-- Work to complete --
In the entries below, find the line with "milan jakubik business card" and the line with "Talbots Womens 3XP". Reproduce those two lines and every line between them exactly, and nothing more.

-- Supplied records --
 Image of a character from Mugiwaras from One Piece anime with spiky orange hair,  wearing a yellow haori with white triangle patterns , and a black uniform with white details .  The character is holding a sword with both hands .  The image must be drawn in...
---
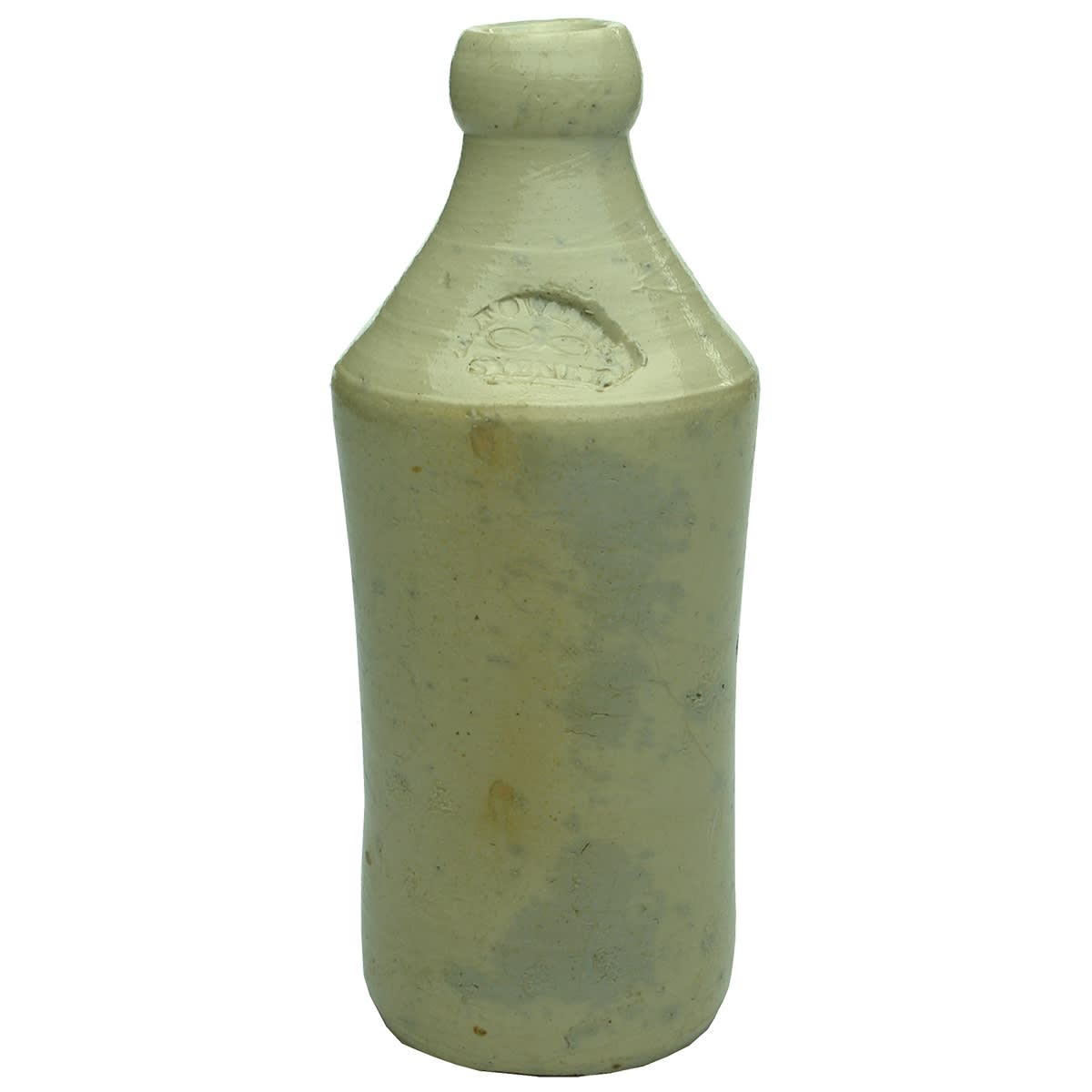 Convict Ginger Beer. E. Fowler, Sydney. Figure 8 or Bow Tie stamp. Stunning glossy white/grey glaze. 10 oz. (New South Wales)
* * *
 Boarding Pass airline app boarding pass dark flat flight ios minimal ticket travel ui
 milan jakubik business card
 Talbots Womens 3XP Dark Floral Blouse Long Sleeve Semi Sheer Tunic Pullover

-- Result below --
 milan jakubik business card
 Talbots Womens 3XP Dark Floral Blouse Long Sleeve Semi Sheer Tunic Pullover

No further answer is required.